Die Menschen in Israel hätten Unvorstellbares erlitten. Wie sie gehetzt worden seien, abgeschlachtet, ermordet oder entführt. "Mir geht es schon so, dass ich bei manchen Videos auf Stopp drücken muss", sagt Baerbock. "So was Unvorstellbares haben wir zum Glück alle noch nicht erleben müssen, deswegen ist es nicht an uns, jetzt kluge Ratschläge zu geben."
"Dann spiel ich nicht mit!"
Aber Israel soll nicht der einzige Themenblock bleiben. Das Konzept des Abends sieht vor, dass die Moderatorinnen der Befragten ein Begriffspaar vorgeben, die daraus das ihr passende Wort wählen möge.
Also: "Neustart oder Weiterso?", fragt die Chefredakteurin.
Baerbock: "Keines von beidem."
Chefredakteurin: "Das ist das Spiel!"
Baerbock: "Dann spiel' ich nicht mit!" Sie findet, genau das sei "das Gift unserer Zeit", dieses dauernde Entweder-oder, schwarz oder weiß.
Gut, sagt die Chefredakteurin, dann anders gefragt: Halbzeit, ihr Team liegt 0:2 hinten, was sagt sie dann als Coach in der Kabine?
Baerbock: "Jedes gute Fußballspiel wird in der zweiten Halbzeit entschieden und nicht in den ersten Minuten."
Natürlich muss es in einer Gesprächsreihe einer Frauenzeitschrift auch um den Feminismus gehen, etwa darum, warum einer Umfrage zufolge zwar jede zweite Frau unter 35 Jahren sagt, sie sei Feministin, aber nur jede dritte Frau über 35. Ihre Erklärung?
Baerbock: "Wenn ich jetzt gefragt würde, ob ich Feministin bin, da müsste ich auch erst mal länger drüber nachdenken." Ihre Mutter, erzählt sie dann, sei immer für absolute Gleichberechtigung gewesen, sie habe damals in ihrem Dorf für längere Kita-Öffnungszeiten gekämpft – aber sie hätte sich wohl trotzdem nie als Feministin bezeichnet.
Es geht dann noch um das Thema "Handeschütteln" (Baerbock: "Ich halte, so bin ich erzogen worden, Handgeben für eine sehr wichtige Sache") und um die Frage "aufstehen oder liegenbleiben?" – und so kommt es am Ende des Abends doch noch zu einem Bekenntnis: Sie würde gern öfter mal länger liegenbleiben, verrät die Außenministerin, denn ihr Job bringe es leider mit sich, meist sehr früh aufzustehen. "Es ist sehr anstrengend, alles andere wäre gelogen.
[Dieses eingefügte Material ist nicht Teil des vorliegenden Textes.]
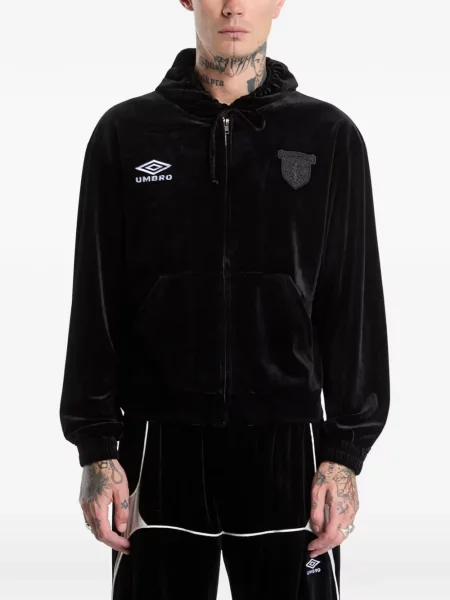 Hanorac cu glugă Umbro de catifea negru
Aber ich habe mir diesen Job ausgesucht."
Ob sie denn auch auf ihren Reisen durch sämtliche Zeitzonen der Welt gut schlafen könne? Das gehöre zu den "Schlüsselqualifikationen" für alle, die in der internationalen Politik tätig seien, sagt Baerbock. Aber: "Das Gute daran, wenn man nicht so viel schläft, ist, dass man immer müde ist."